Alors que les communautés auront a élaborer aux lendemains du renouvellement général leur schéma de mutualisation, revisitons certains outils de mutualisation …
Le service commun : un outil axé sur la relation communauté – communes
Le service commun (article L.5211-4-2 du CGCT) permet de créer une mutualisation entre une communauté et les communes membres (ou partie d’entre elles).
Cet outil permet de « mettre en commun » … un service (pour l’instant l’auteur est tout à fait conscient qu’il enfonce une porte ouverte …), ce qui concrètement se matérialise, indépendamment des compétences de la communauté ou des communes de non pas raisonner agent par agent (à la différence d’une mise à disposition d’agent) mais de partager une même équipe (comme nombre de mutualisation elle porte grandement sur « l’humain' », quelles que soient ses évolutions dans le temps, mais aussi tous les moyens qui gravitent autour de cette équipe : le matériel (allant des outils, véhicules, aux postes informatiques, en passant par les fournitures affectées au service, etc.), l’immobilier (locaux affectés au service) et tout ce qui s’y rattache (fluides, contrats, etc.).
Le service commun est hébergé par la communauté mais peut être piloté aussi par les communes dans le cadre de la convention qui permet de constituer le service commun (laquelle convention fixe aussi les modalités de participation financière de chaque membre, etc.).

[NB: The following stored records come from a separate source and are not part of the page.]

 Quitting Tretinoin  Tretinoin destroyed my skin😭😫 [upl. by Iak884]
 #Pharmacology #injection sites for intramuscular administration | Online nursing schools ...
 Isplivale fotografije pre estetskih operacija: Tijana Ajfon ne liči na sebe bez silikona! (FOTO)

Un outil qui permet de neutraliser certains effets des transferts de compétence sur les équipes, ou simplement de se doter d’expertises communes
C’est un outil puissant qui permet de gérer les difficultés parfois générées par un transfert de compétence (attention, ce n’est pas pour autant une alternative au transfert d’agents dans le cadre de transfert de compétence — réglé par l’article L.5211-4-1 du CGCT, mais bien un outil qui fonctionne sur un autre plan : la structuration des services) : par exemple un transfert de la compétence voirie peut mettre en difficulté la cohérence d’un service technique qui était en place. Créer un grand service commun, par exemple avec des pôles déconcentrés, permet de conserver des équipes cohérentes.
Il permet aussi de se doter d’une équipe compétente, collectivement, là où individuellement chaque commune n’en aurait pas les moyens (BET interne, équipe mutualiste d’expertise informatique comme les DSI, pour en pas parler de la désormais classique équipe affectée à l’ADS). Ainsi il permet aussi en cumulant le besoin des communes avec éventuellement celui de l’intercommunalité d’atteindre une masse critique.

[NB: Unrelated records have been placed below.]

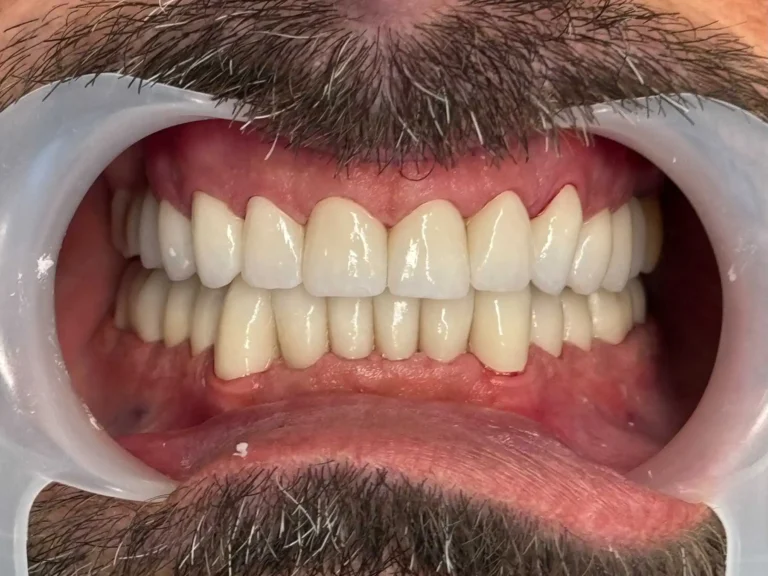 Faccette dentali a Siracusa e Pozzallo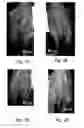 Fig. 02 - Prostaglandin compositions and methods for the treatment of vasospasm
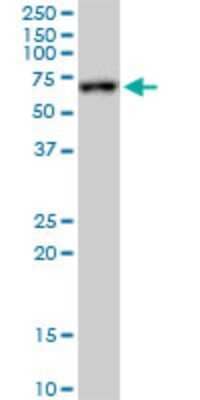 Western Blot: FKBP10 Antibody (3B5) [H00060681-M02] - FKBP10 monoclonal antibody (M02), clone 3B5. Analysis of FKBP10 expression in HepG2.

Qui peut s’étendre à certains établissements gravitant autour de l’intercommunalité, mais seulement au final aux structure « filles » et non aux syndicats mixtes
Mais pourquoi s’arrêter en si bon chemin ? l’outil à l’évidence pourrait être pertinent pour mutualiser avec les régies personnalisées, les CIAS, les syndicats, etc.

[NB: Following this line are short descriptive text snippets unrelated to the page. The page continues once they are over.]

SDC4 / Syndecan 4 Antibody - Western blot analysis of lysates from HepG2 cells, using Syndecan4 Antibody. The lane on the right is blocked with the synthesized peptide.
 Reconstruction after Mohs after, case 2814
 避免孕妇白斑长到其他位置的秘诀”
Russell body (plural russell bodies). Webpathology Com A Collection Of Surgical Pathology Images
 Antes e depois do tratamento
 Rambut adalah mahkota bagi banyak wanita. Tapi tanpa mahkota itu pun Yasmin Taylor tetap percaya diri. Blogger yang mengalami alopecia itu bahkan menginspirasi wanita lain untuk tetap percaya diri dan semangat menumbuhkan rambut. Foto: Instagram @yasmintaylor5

Le mécanisme d’origine, introduit par la loi RCT de 2010 (loi n°2010-1563) limitait l’outil aux relations communes – communautés. La loi MAPTAM (loi n°2014-58) avait modifié l’article L.5211-4-2 pour dispose que :
Un établissement public de coopération intercommunale à fiscalité propre et un ou des établissements publics dont il est membre, ou le centre intercommunal d’action sociale qui lui est rattaché, peuvent également se doter de services communs pour assurer des missions fonctionnelles.
un établissement public de coopération intercommunale à fiscalité propre, une ou plusieurs de ses communes membres et, le cas échéant, un ou plusieurs des établissements publics rattachés à un ou plusieurs d’entre eux, peuvent se doter de services communs, chargés de l’exercice de missions fonctionnelles ou opérationnelles, dont l’instruction des décisions prises par les maires au nom de la commune ou de l’Etat, à l’exception des missions mentionnées à l’article 23 de la loi n° 84-53 du 26 janvier 1984 portant dispositions statutaires relatives à la fonction publique territoriale pour les communes et les établissements publics obligatoirement affiliés à un centre de gestion en application des articles 15 et 16 de la même loi.